### PROBLEM
Include no pictures. Output exactly the lines from the one that contains "Doudoune sans manches" through the final line of the entries.

### RECORD EXCERPTS
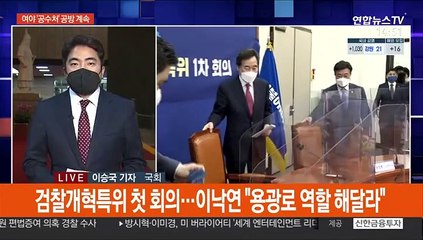 與, 검찰개혁 특위 첫 회의…野 "공수처 출범 저지"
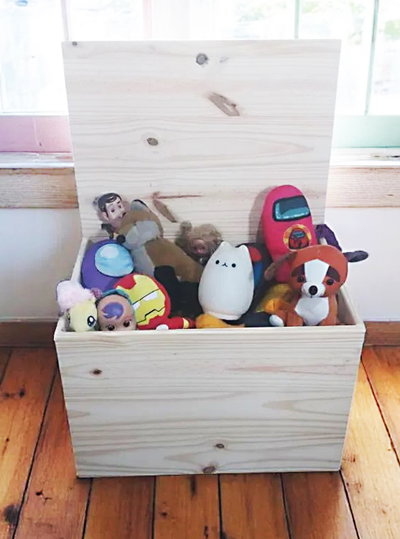 Baúl Juguetero Organizador Con Tapa Sin Ruedas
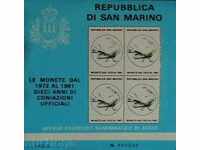 Păsări 1981 San Marino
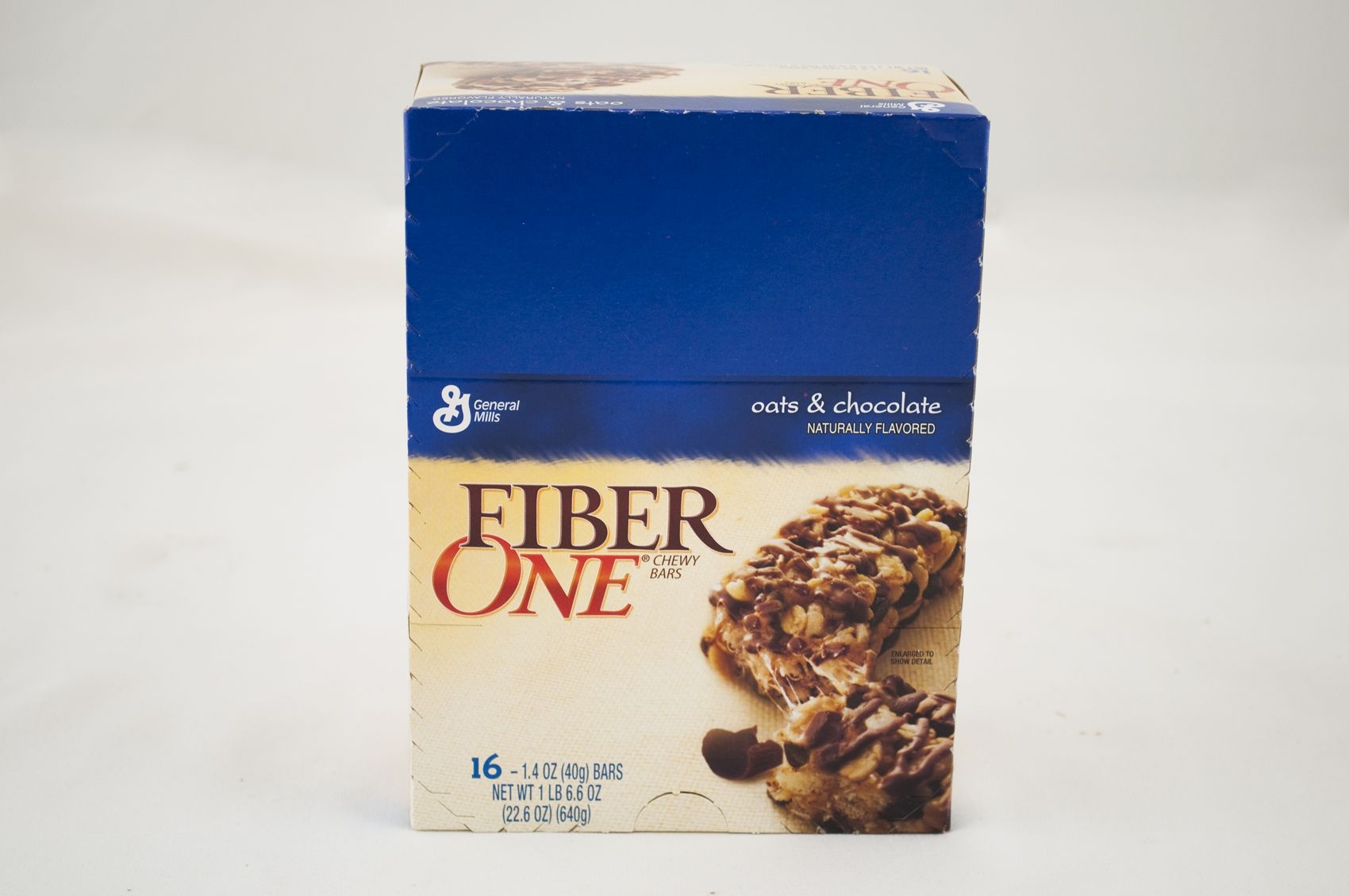 General Mills Original Oat and Chocolate Fiber One Cereal Bar, 22.6 Ounce -- 8 per case.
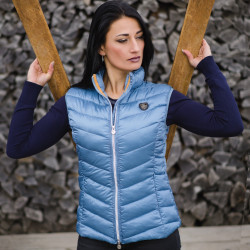 Doudoune sans manches light Henna Flags & Cup Bleu acier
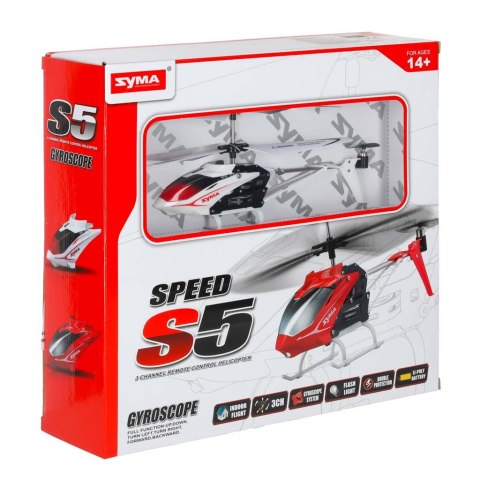 Helikopter zdalnie sterowany na pilota RC SYMA S5 3CH biały Helikopter zdalnie sterowany na pilota RC SYMA S5 3CH biały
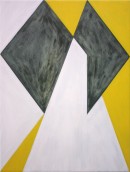 Malerei, Saltus II, 2008, acrylic, oil, pigments on cotton, 60 cm x 45 cm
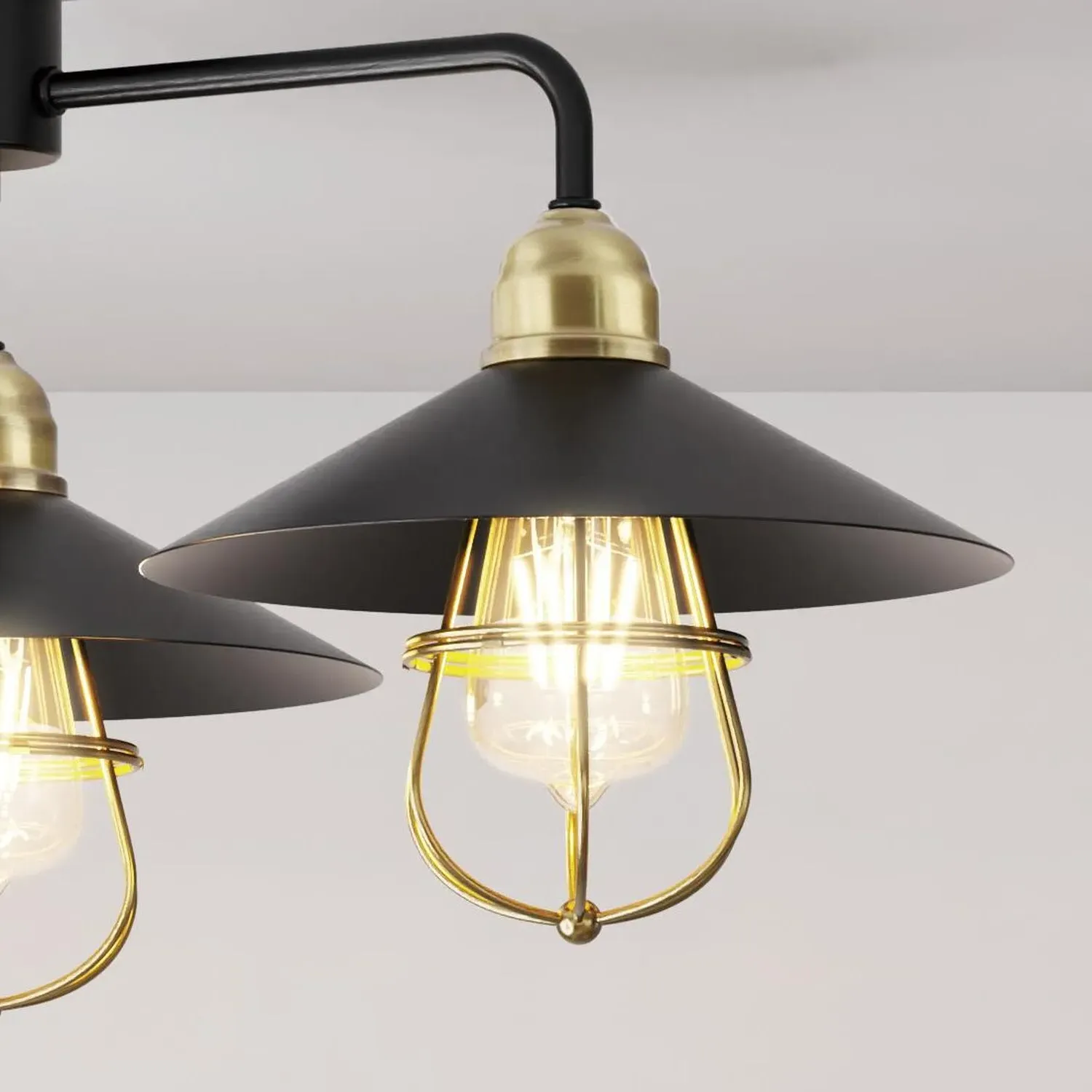 Dylan 3 Arm Ceiling Fitting - Black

### WRITTEN REPLY
 Doudoune sans manches light Henna Flags & Cup Bleu acier
 Helikopter zdalnie sterowany na pilota RC SYMA S5 3CH biały Helikopter zdalnie sterowany na pilota RC SYMA S5 3CH biały
 Malerei, Saltus II, 2008, acrylic, oil, pigments on cotton, 60 cm x 45 cm
 Dylan 3 Arm Ceiling Fitting - Black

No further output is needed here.